Последний грех совершит, да и отдаст душу свою окаянную в объятия пламени адского. Там ей и место самое.
Интересно даже, там ли отец? Али простил Алексея Господь да к себе прибрал?
А вот тебя, царь-батюшка, я уж в аду дождусь, не отмолишь ты грехи свои, хоть дни и ночи напролёт молись, хоть всю казну русскую на монастыри отдай. А и грехи-то у нас с тобою одни, всё, что я творил, по твоей воле царской было…
Стоит перед глазами лицо отца, неверие в глазах его. Знал Алексей, что не жить ему боле, но до последнего не верил, что у родного сына духу хватит смертельный удар нанести.
Царь Фёдора помиловать обещал, ежели отца убьёт, но и Фёдор в его милость не верил. А всё едино сделал, что велено было; как всегда делал.
Ожидал казни, а вышла ссылка. Сдержал слово царь; оставил полюбовнику своему жизнь, которая и не мила ему после убийства отца родного стала.
А и в келье монастырской кому, может, и счастье, да только не Фёдору Басманову. Как ни крути, а только самому жизнь свою отнять и остаётся.
Так и поступит. Дайте только срок. Всё равно, всё равно, всё равно жить не стану… в аду тебя, государь мой Иоанн Васильевич, дождусь, с того света к тебе приду, сам в ад утяну…
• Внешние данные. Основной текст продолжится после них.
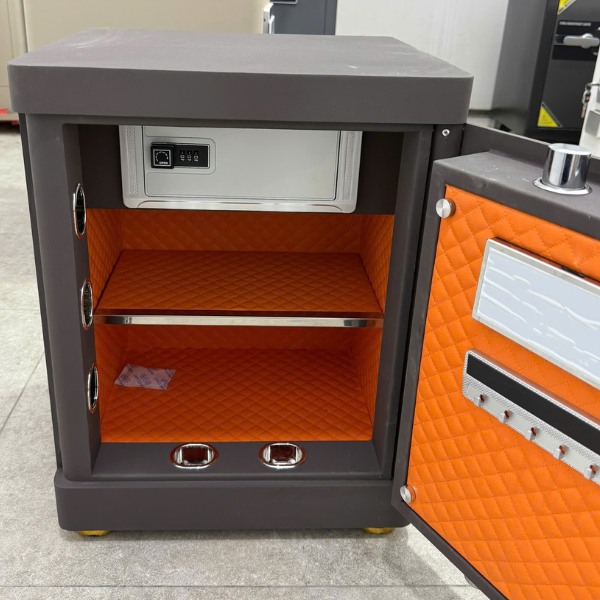 Hình ảnh Két sắt đầu giường BK50FI xuân hòa face ID1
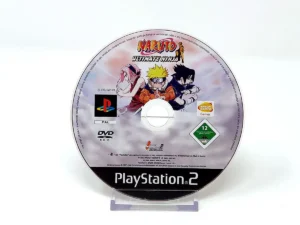 Naruto: Ultimate Ninja (ESP) (Disco)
Но пока что — привязан он на привале к стволу древесному. Зорко сторожит его конвой, крепко и привязывает.
Интересно даже, осмелятся ли всё же снасильничать…
Пусто в груди и холодно. И сердце будто каменное, будто уже биться перестало.
Любовь царскую утратил. Отцову жизнь своею рукою отнял.
Скорей бы уж и свою…
Полдень стоит летний, жаркий да сонный. Пригревает солнце вовсю, трава под ним вовсе изумрудною кажется.
И стража фёдорова на солнце том пригрелась, уснула. Да только верёвки крепкие, всё равно их не…
Моргнул Фёдор. Нет боле верёвок на руках его, сами к ногам упали.
Выходит, тоже уснул. Не наяву ведь такое деется.
Сделал шаг вперёд. Думал бы, что не спит, так выхватил бы саблю у одного из сторожей, порубил бы их всех спящих, а после нож вострый себе самому в сердце… Но — коли сон, так чего и во сне убивать. Наяву смертей тех, что были уже, на всю жизнь хватило.
А и сколько той жизни осталось…
Пригревает солнце, лицо фёдорово ласкает. Смотрит он на валун, что поблизости в траву врос, а на валуне том серьги женские ниоткуда лежат, блестят-переливаются. Сами из золота червонного, жаркого, а каменья в них изумрудные…
И впрямь, стало быть, сон.
Усмехнулся Фёдор, как давно уже не усмехался. Подошёл ближе, руку невольно к серьгам протянул. Взор приковывают, не оторвать…
— Что, молодец, глянулись тебе мои серёжки?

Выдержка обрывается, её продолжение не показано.